Budapest Tales was even less successful than 25 Fireman Street at the box office and festivals. According to author David Paul, this may explain why Szabó shifted gears even more dramatically in his next film, Confidence (1980), in which historical events are represented straightforwardly, and are filtered through neither memory nor allegory. The film focuses on the relationship between a man and woman who are forced to share a room as they hide from the Arrow Cross toward the end of the Second World War. It garnered a Best Director award for Szabó at the Berlin Film Festival and was nominated for the Academy Award for Best Foreign Language Film at the 53rd Academy Awards.

===International co-productions featuring Brandauer, 1981–1988===
Szabó's next three films constituted a new phase in his career—moving away from Hungarian productions, in Hungarian, written by Szabó alone, and featuring Bálint, and moving toward international co-productions, in German, written by Szabó in collaboration with others, and featuring Austrian actor Klaus Maria Brandauer. The informal trilogy—Mephisto (1981), Colonel Redl (1985) and Hanussen (1988)—features Brandauer in a series of roles based on historical figures who, as represented in the films, compromised their morals in order to climb the ladder of success within a context of authoritarian political power.
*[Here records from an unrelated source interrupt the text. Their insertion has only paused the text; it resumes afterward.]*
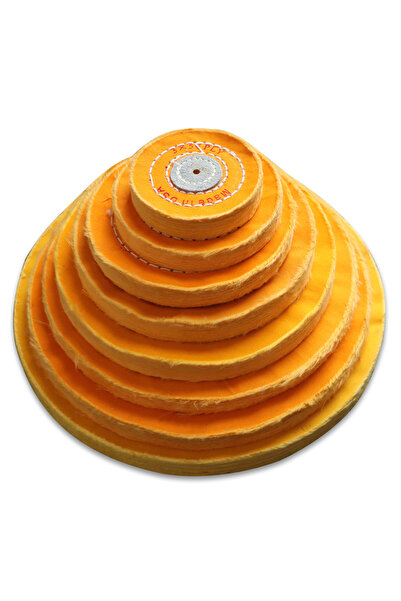 Choice9 2 inch 3"/4"/5"/6"/7"/8" Yellow Cotton Lint Cloth Polishing Buffed He...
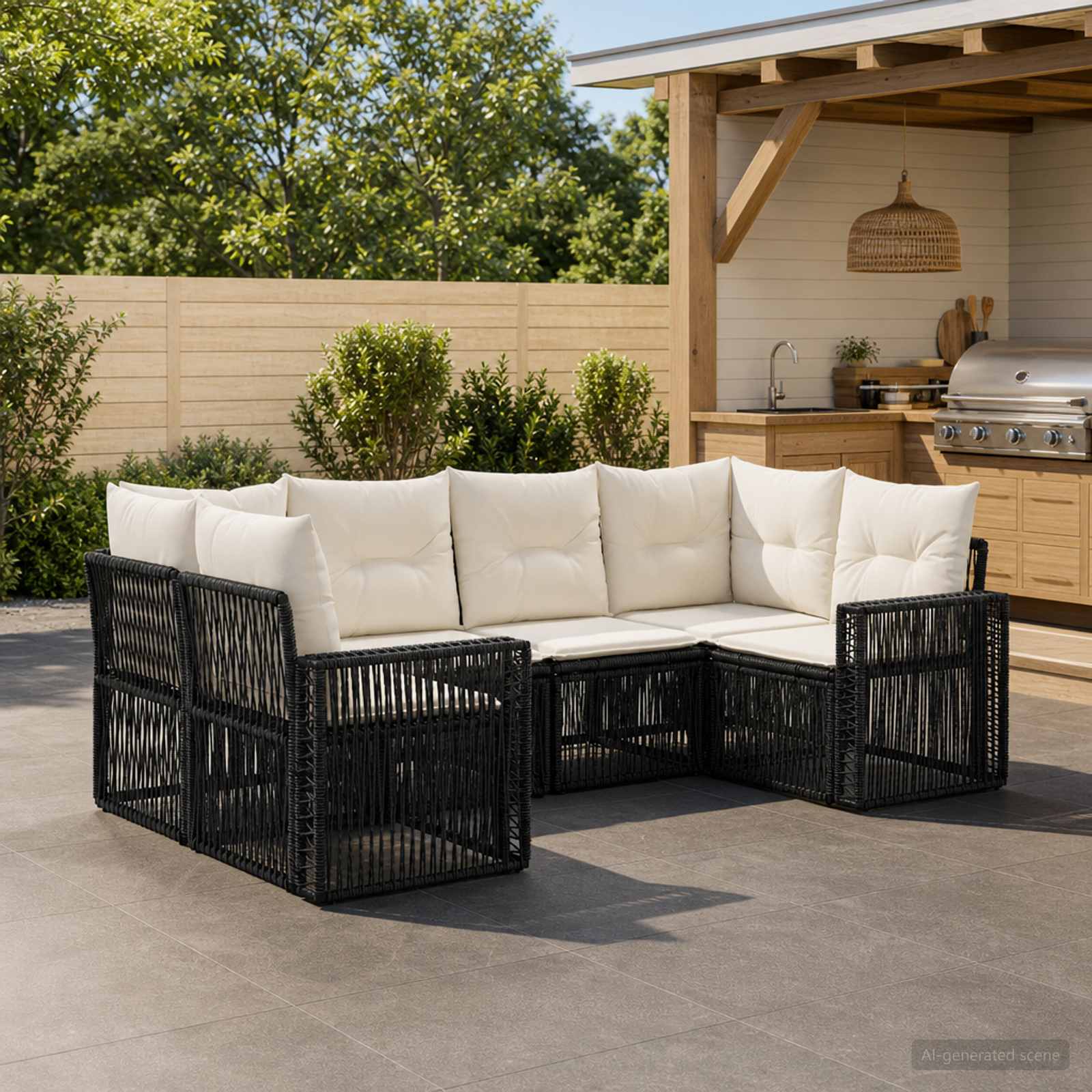 Σετ Καναπέ Κήπου 6 τμχ. 6-Αριθμός καθισμάτων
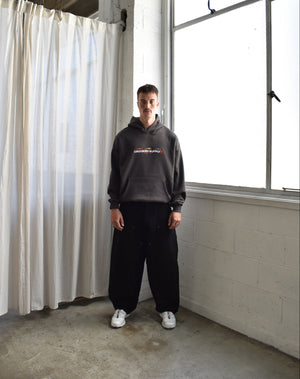 Punters Club Hoodie - Charcoal (Embroidered Logo)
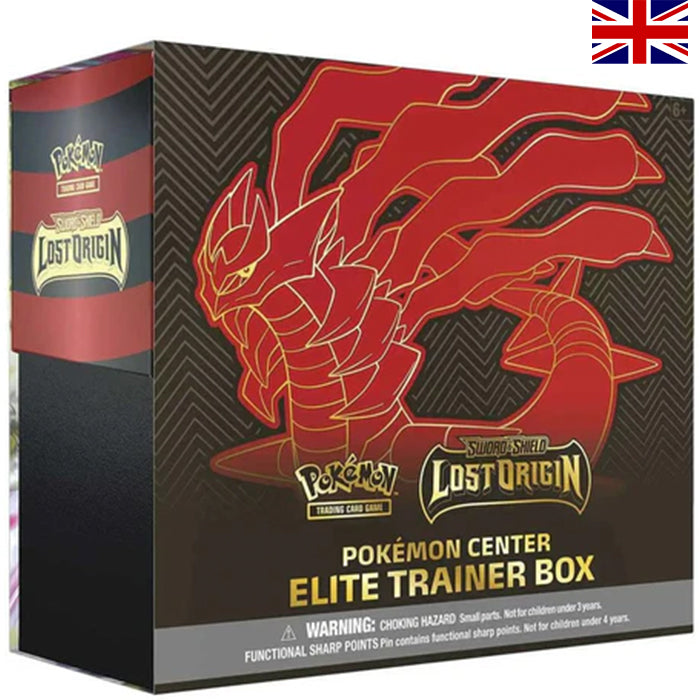 Sword & Shield - Lost Origin Pokemon Center Elite Trainer Box - Englisch (incl Acryl Case)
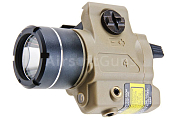 Taktická svietidlo SOTAC TLR-4 LED, červený laser, TAN, T-Eagle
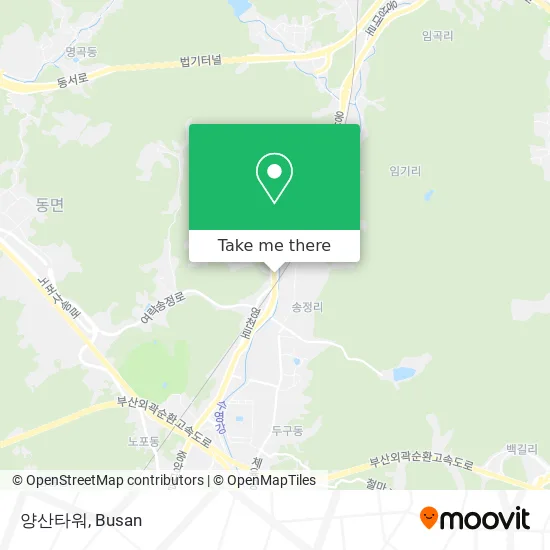 양산타워 map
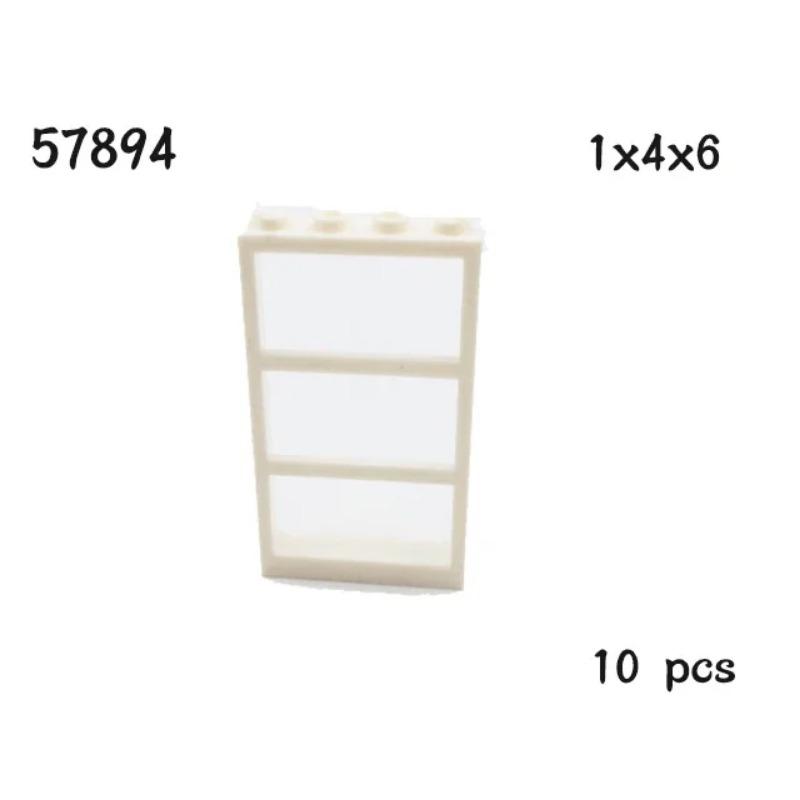 

1x4x6 дверная коробка умные окна 10 шт. 60596 60616 60803 57894 60623 60621 92589 детали MOC аксессуары для модели из строительных блоков дома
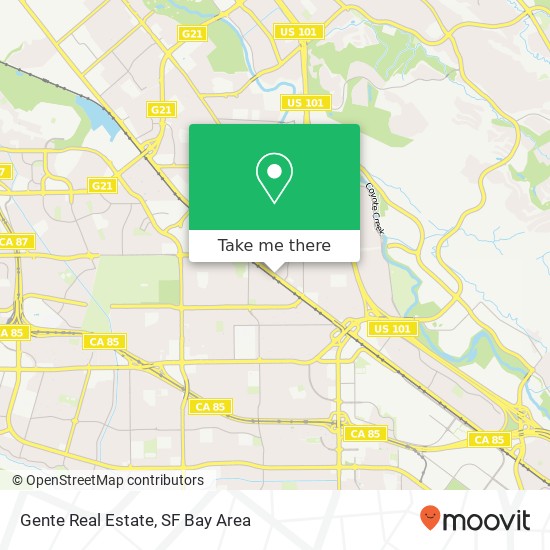 Gente Real Estate map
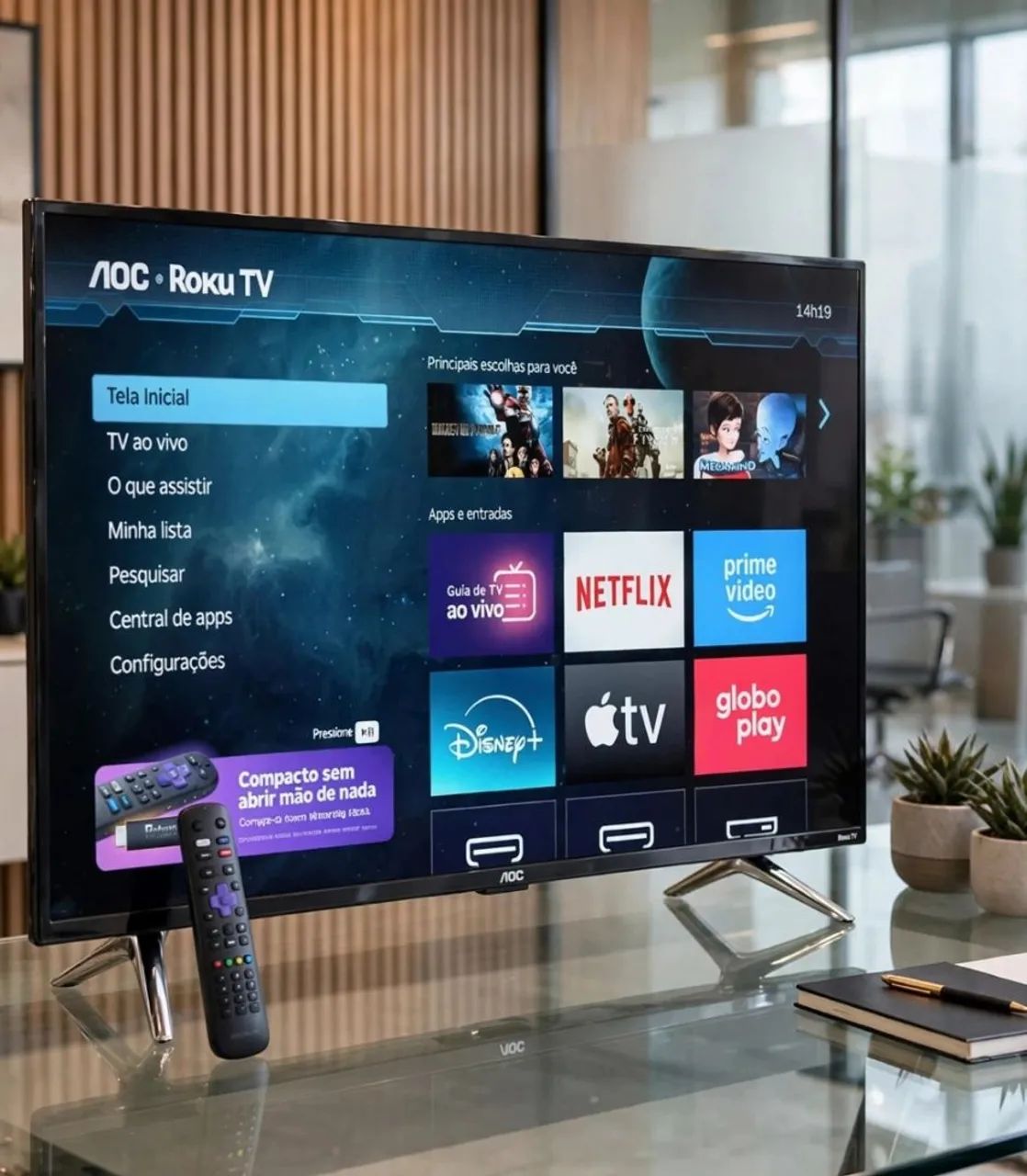 Smart tv de 40 polegadas nova - Foto 3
In Mephisto, based on a novel by Klaus Mann, Brandauer plays an actor and theater director in Nazi Germany, a role based on Mann's former brother-in-law Gustaf Gründgens. The film won the Academy Award for Best Foreign Language Film, and the award for Best Screenplay at the Cannes Film Festival, and greatly increased Szabó's international prestige.

In Colonel Redl, Brandauer plays Alfred Redl, counter-intelligence chief of the Austro-Hungarian Empire who was blackmailed into espionage for the Russians in order to prevent the revelation of his homosexuality. The film won top awards in Germany and the UK, but provoked a scandal in Austria, where several periodicals accused the film of bringing the country into disrepute. In Hanussen, Brandauer plays the real life clairvoyant performer Erik Jan Hanussen, whose growing fame brings him into increasingly close—and dangerous—contact with the Nazis.

===1991–present===
After his Brandauer trilogy, Szabó continued to make international co-productions, filming in a variety of languages and European locations. He has continued to make some films in Hungarian, however, and even in his international co-productions, he often films in Hungary and uses Hungarian talent.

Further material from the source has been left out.